Oil Posts Biggest Weekly Drop in 11 Months | Decline comes despite OPEC+ pausing planned production increase
WTI先物週間騰落出所:ブルームバーグ

  市場ではOPECと米エネルギー情報局(EIA)、国際エネルギー機関(IEA)が来週公表する月例の市場見通しに注目が集まっている。

  エリック・リー氏らシティグループのアナリストは「OPECプラスによる減産巻き戻しの先送りや、地政学的情勢、ポジショニングがブレント原油の価格を1バレル=70-72ドルで支えている」とリポートで分析。
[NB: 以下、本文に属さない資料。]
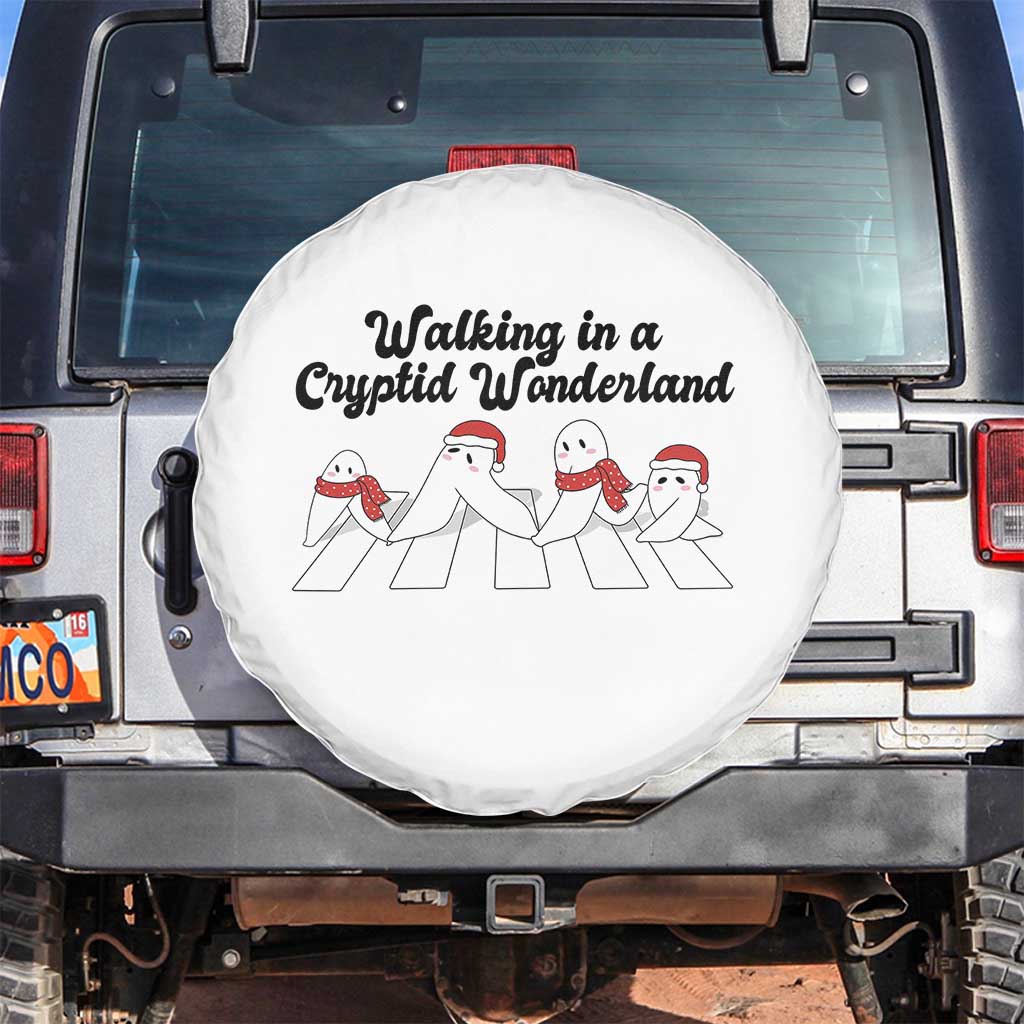 Funny Fresno Nightcrawlers Christmas Gift Spare Tire Cover Walking In A Cryptid Wonderland - Wonder Print Shop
その上で「2025年にはかなりの供給超過が表面化し、60ドル前後に下落する」と予想した。

  ニューヨーク商業取引所(NYMEX)のWTI先物10月限は、前日比1.48ドル(2.1%)安の1バレル=67.67ドルで終了。ロンドンICEの北海ブレント11月限は2.2%下げて71.06ドルで引けた。

  金相場は下落。金は雇用統計発表後に一時上昇したが、その後下げに転じた。

  ブルー・ライン・フューチャーズのチーフ市場ストラテジスト、フィル・ストライブル氏は「FOMCが50bpの利下げを実施し、それ1回で終わってしまうこと」が金のトレーダーが抱いている懸念だと指摘。「それでは金にとって良い状況にはならない」と述べた。「どれだけの期間にどれだけ多くの利下げがあるか」をトレーダーは見極めようとしているとした上で、金が今後さらに上昇するためには、「継続した利下げ」が必要になると付け加えた。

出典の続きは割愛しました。